‘Like a madman’: Inside the dash-cam cop’s personnel file

One fall evening in 2012, Paula Corbin made the mistake of pulling into a Burger King parking lot to throw away some trash.

Medford Police Officer Stephen LeBert was watching her. He came up to Corbin’s car, flashed a light and asked for her license, she later told investigators.

This is a known drug spot, she said he told her.

Corbin assured LeBert that she would never be involved in drug activity — she was a retired federal immigration officer. He called her a liar.

LeBert demanded her badge. It was at home, embedded in lucite, she said. He laughed at her. She asked for his name, and he flashed the lights of his unmarked car.


“Do you believe me now? Is this proof enough?’’ she recalled him taunting her.

Corbin, who said she felt humiliated and helpless, filed a complaint the next day with the Medford police department. She included photos of her badge, her nameplate and her business card. Maybe now LeBert would believe her, she thought.

“LeBert was acting like a madman, unprofessional and unbecoming behavior from an officer,’’ she wrote in the complaint. “LeBert was totally harassing and threatening me this whole time, for what reason, I have no idea.’’

Before he let her go that night, LeBert did one more thing: He handed her a ticket for $25. Not parked in a marked space, it said.

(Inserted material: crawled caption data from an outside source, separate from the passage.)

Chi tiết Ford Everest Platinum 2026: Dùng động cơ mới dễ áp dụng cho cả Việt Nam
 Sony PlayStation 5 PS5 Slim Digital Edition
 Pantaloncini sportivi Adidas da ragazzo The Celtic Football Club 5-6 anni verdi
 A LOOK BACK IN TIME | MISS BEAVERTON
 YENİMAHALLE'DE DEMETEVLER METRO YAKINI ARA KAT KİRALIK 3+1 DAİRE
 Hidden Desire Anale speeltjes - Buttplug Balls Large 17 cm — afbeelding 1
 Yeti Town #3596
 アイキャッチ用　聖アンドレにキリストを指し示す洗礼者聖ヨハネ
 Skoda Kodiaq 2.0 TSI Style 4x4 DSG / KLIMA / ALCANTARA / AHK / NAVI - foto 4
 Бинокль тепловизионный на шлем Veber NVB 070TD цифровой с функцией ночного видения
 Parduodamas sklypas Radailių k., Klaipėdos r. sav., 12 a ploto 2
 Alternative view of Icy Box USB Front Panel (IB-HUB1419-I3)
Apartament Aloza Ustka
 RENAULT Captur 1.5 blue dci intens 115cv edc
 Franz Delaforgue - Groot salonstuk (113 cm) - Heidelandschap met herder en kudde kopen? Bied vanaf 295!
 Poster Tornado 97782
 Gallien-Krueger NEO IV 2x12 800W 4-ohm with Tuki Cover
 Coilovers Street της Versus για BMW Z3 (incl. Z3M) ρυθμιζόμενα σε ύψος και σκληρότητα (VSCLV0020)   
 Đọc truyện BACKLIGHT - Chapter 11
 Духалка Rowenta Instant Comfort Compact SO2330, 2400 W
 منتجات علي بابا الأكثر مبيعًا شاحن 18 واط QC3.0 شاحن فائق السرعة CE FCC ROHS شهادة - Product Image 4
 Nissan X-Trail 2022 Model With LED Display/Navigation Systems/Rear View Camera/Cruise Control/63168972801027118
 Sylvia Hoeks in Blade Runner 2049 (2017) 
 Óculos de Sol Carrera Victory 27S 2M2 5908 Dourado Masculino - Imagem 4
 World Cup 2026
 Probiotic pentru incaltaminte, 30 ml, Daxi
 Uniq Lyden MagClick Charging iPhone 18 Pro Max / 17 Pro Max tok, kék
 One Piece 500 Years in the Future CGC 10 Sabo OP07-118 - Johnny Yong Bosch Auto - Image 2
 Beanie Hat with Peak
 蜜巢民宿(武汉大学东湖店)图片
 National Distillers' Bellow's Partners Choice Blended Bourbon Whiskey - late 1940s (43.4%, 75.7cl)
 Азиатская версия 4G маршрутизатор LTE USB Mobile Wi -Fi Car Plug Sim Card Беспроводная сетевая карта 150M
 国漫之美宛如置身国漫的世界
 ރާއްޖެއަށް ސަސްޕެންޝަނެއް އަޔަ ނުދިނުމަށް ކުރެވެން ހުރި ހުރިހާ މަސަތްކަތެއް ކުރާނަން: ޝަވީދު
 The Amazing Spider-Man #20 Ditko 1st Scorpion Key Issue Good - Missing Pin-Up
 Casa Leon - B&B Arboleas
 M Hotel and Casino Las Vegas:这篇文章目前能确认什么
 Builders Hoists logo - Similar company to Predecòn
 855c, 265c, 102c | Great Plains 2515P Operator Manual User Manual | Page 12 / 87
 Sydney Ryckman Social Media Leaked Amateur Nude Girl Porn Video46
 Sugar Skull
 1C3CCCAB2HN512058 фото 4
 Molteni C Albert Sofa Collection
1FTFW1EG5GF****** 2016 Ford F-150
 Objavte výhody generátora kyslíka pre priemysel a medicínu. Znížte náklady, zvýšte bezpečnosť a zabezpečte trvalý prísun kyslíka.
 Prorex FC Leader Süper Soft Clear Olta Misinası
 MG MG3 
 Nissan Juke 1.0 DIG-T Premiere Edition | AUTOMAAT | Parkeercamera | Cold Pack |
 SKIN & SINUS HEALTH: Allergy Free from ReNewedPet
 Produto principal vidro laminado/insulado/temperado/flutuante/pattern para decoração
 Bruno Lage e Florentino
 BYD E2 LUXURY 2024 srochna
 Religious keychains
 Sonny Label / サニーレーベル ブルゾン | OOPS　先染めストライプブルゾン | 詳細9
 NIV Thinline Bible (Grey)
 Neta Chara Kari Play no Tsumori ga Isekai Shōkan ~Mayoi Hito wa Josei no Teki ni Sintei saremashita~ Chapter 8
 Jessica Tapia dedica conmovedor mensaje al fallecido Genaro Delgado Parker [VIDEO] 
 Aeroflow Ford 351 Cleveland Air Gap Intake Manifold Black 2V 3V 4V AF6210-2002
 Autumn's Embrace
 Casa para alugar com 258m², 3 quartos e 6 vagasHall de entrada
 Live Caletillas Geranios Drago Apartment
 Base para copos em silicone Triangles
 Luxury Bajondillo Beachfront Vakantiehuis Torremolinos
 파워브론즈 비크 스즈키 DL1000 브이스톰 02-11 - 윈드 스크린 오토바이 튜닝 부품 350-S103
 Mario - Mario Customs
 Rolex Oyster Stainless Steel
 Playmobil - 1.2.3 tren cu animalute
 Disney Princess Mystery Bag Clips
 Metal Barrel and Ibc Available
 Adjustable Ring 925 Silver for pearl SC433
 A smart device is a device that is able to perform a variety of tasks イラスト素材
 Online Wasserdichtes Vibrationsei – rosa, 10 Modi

Corbin’s complaint was added to LeBert’s thick personnel file. Medford Police Chief Leo Sacco said he told the now 31-year veteran of the force to watch how he acted.

According to the police chief and his colleagues, LeBert is an outstanding officer who does his job extremely well. He hustles every day like it’s his first.

But his file is littered with complaints that call him a bully.

The complaints accuse him of frequently stepping over the line into disrespect and anger. His personnel file include nine complaints dating back to 1991, ranging from episodes of rudeness to issues over whether he pulled his gun on someone wrongly. His superiors deemed most of them unfounded.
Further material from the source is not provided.